Gegeven het gevaar dat verdachte voor zichzelf vormt en, om dit gevaar af te laten nemen, gegeven de noodzaak tot behandeling, is de rechtbank van oordeel – mede gelet op het bestaan van de mogelijkheid tot verdere behandeling van verdachte in het kader van de Wet BOPZ
en/of begeleiding in het kader van de GGZ – dat plaatsing in een psychiatrisch ziekenhuis in het onderhavige geval de meest aangewezen en passende maatregel voor verdachte is.

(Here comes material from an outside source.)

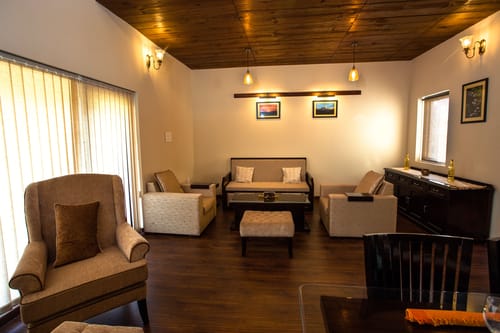 GlenBrook Estate Juniper | Hillside 1-BHK Suite with Shared Gazebo, Restro & Lounge Area Near Waterfall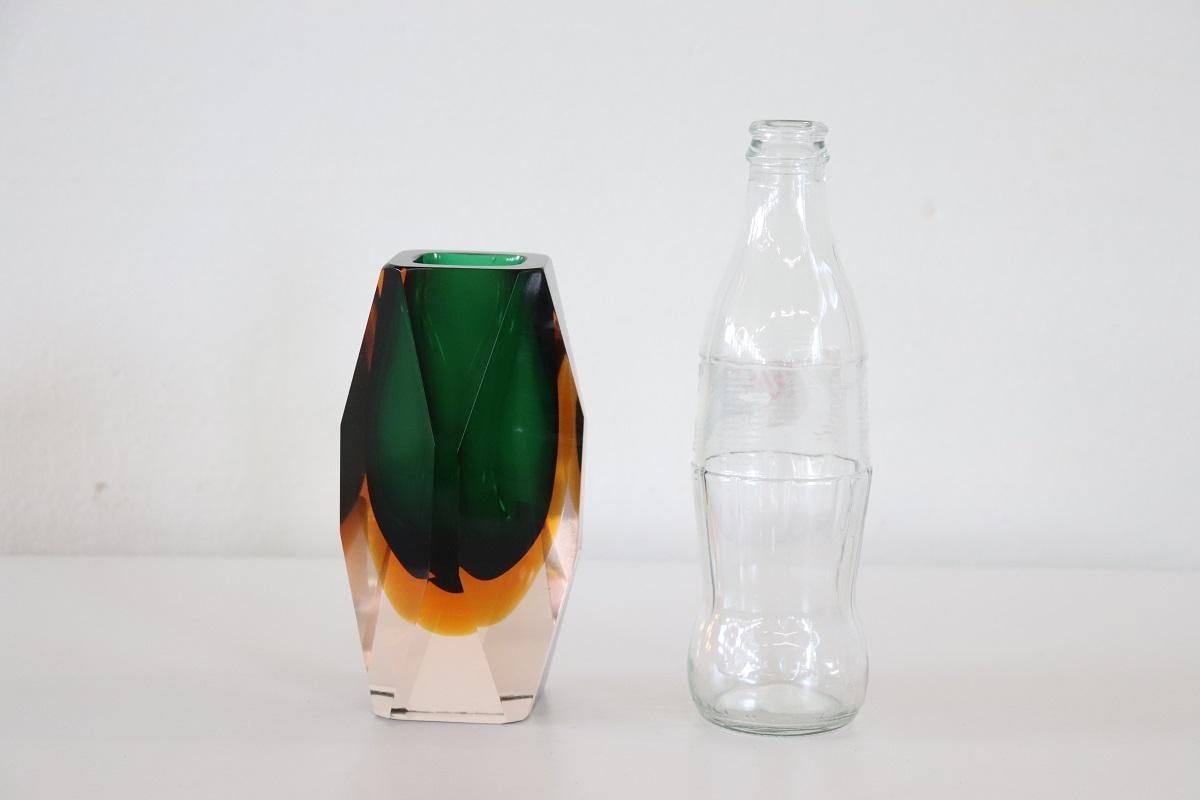 Italian Art Glass Green Small Vase by Flavio Poli for A. Mandruzzato, 1960s For Sale 7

De rechtbank zal dan ook de maatregel van plaatsing in een psychiatrisch ziekenhuis gelasten voor de duur van één jaar.
6 De wettelijke voorschriften
De beslissing berust op de artikelen 37 en 289 van het Wetboek van Strafrecht, zoals deze artikelen luidden ten tijde van het bewezenverklaarde.
7 De beslissing
De rechtbank:
Bewezenverklaring
- verklaart het tenlastegelegde bewezen, zodanig als hierboven onder 3.4 is omschreven;
Strafbaarheid
- verklaart dat het bewezen verklaarde het strafbare feit oplevert zoals hierboven onder 4.1 is omschreven;
- verklaart verdachte daarvoor niet strafbaar;
- ontslaat de verdachte van alle rechtsvervolging;
Maatregel
- gelast de plaatsing van verdachte in een psychiatrisch ziekenhuis voor de termijn van één jaar.
Dit vonnis is gewezen door mr. M.J.M. Goessen, voorzitter, mr. C.M.W. Nobis en mr. M.B. Bax, rechters, in tegenwoordigheid van C.S.G.M. Wouters-Debougnoux, griffier, en is uitgesproken ter openbare zitting op 7 december 2010.